Overview
- Malicious LiteLLM releases 1.82.7 and 1.82.8, published Tuesday, were quarantined by PyPI within about three hours and 1.82.6 is cited as the last clean version.
- Version 1.82.7 ran its payload when litellm.proxy was imported, while 1.82.8 planted a .pth file that Python runs at every interpreter start, which means code executed even if LiteLLM was never used.
- The payload swept SSH keys, cloud credentials for AWS, GCP and Azure, Kubernetes secrets, database configs, .env files and crypto wallets, then encrypted and sent the bundle (tpcp.tar.gz) to models.litellm.cloud and pulled follow‑on code from checkmarx.zone.

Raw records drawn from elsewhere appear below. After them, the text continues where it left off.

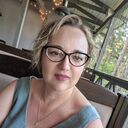 ���������� �����, ���� ������� �����, 49 ���, ������������ ��� ������, ����� � ���������, c�������� ���������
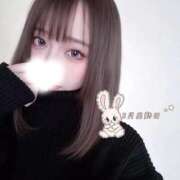にこ ご予約待ってます♡ ふたりのひみつ！！欲しがり素人ギャル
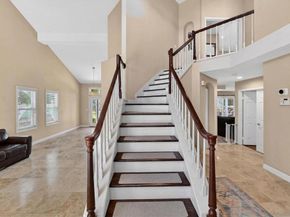 5025 Viewridge Way, Oceanside CA 92056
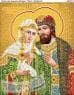 Петро і Февронія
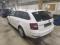 preview Skoda Octavia #3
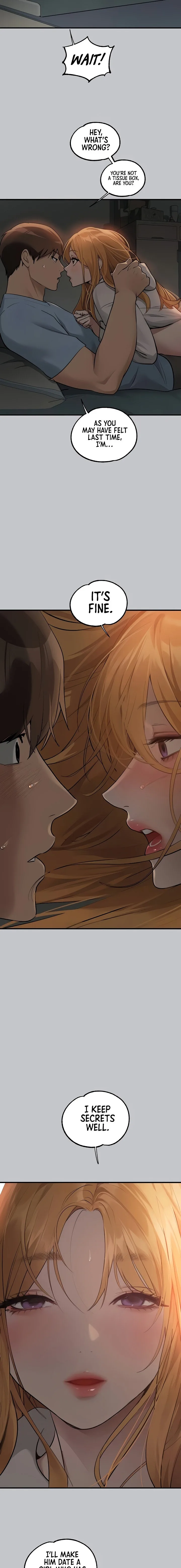 Chapter 114, page 19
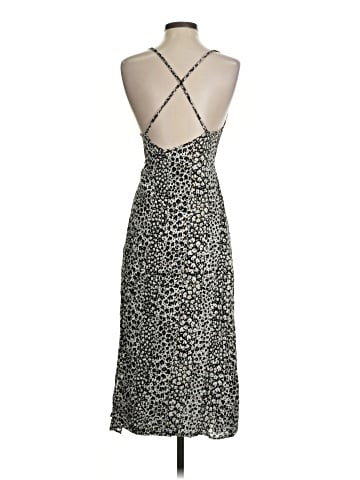 Free People Cocktail Dress (view 2)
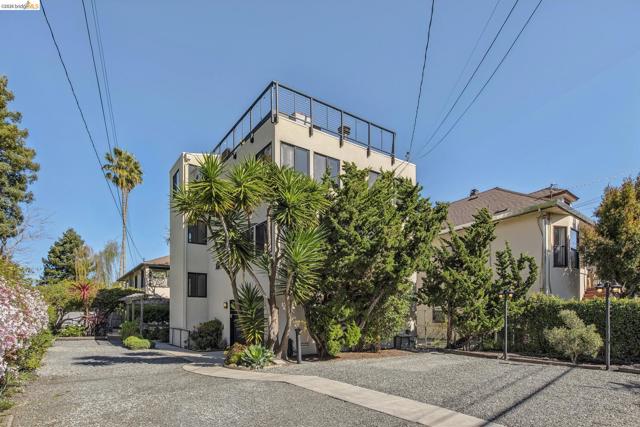 Image 2 of 60 For 1260 63rd St.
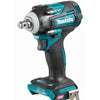 Máy siết bu lông dùng pin Makita TW004GZ (không kèm pin sạc)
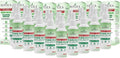 Hygea Natural Extra Strength Bed Bug & Mite Travel Killer Spray TSA 3 oz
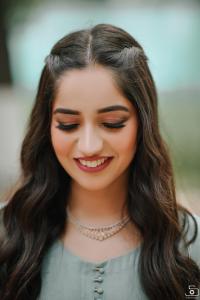 Photos by Safarsaga Films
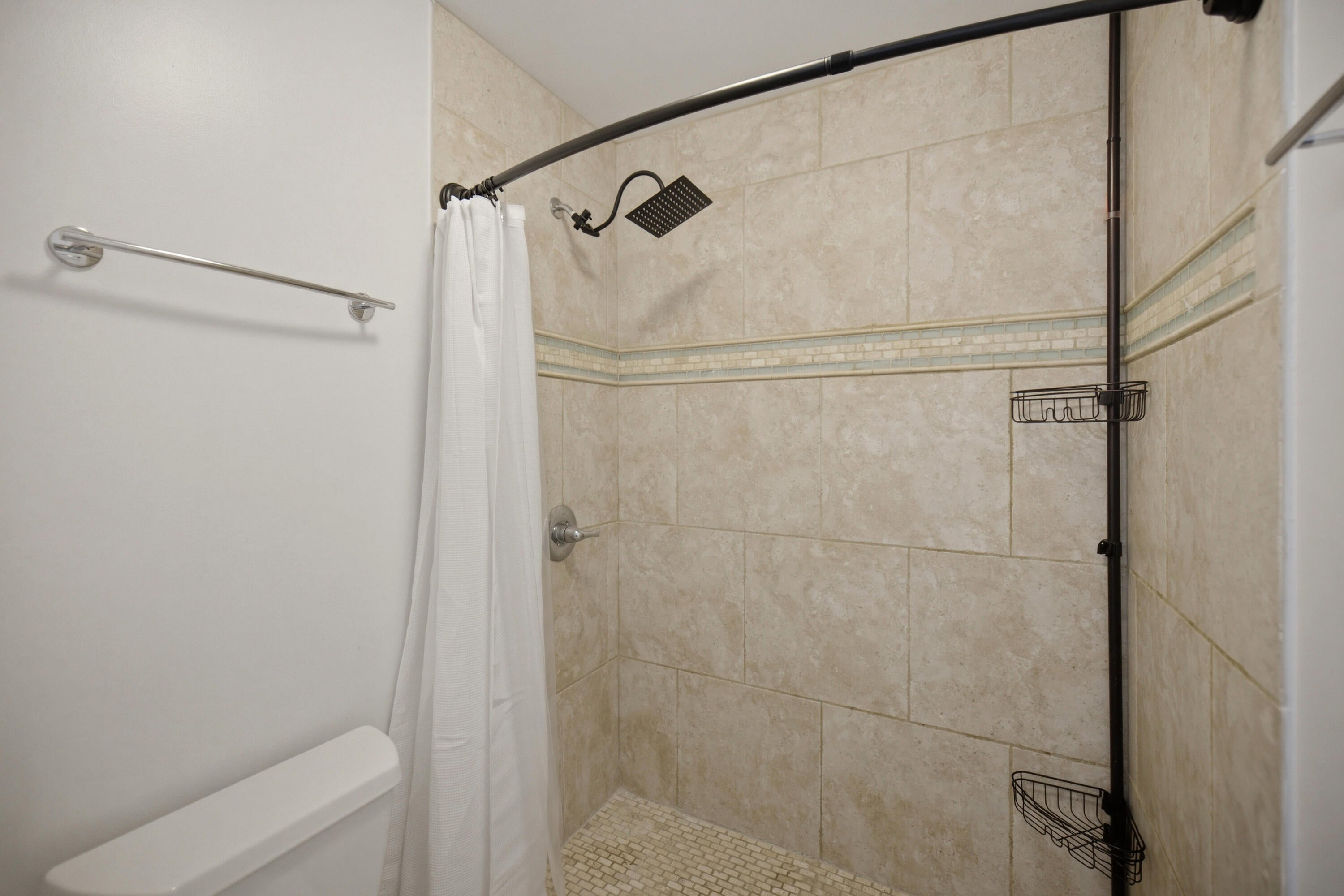 Rocky Bayou T/H - Residential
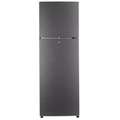 Haier 247 Litre Double Door Refrigerator (HRF-2673BS) Price In India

- Researchers link the breach to TeamPCP and to a Trivy CI/CD compromise that leaked a PyPI publish token, with overlapping indicators like the sysmon systemd backdoor, 50‑minute beaconing and reused command‑and‑control domains.
- LiteLLM maintainers deleted publish tokens, rotated credentials and brought in incident responders, while vendors urge users to remove affected versions, rotate all secrets, hunt for rogue Kubernetes pods and persistence, and adopt short‑lived OIDC Trusted Publishing with pinned builds.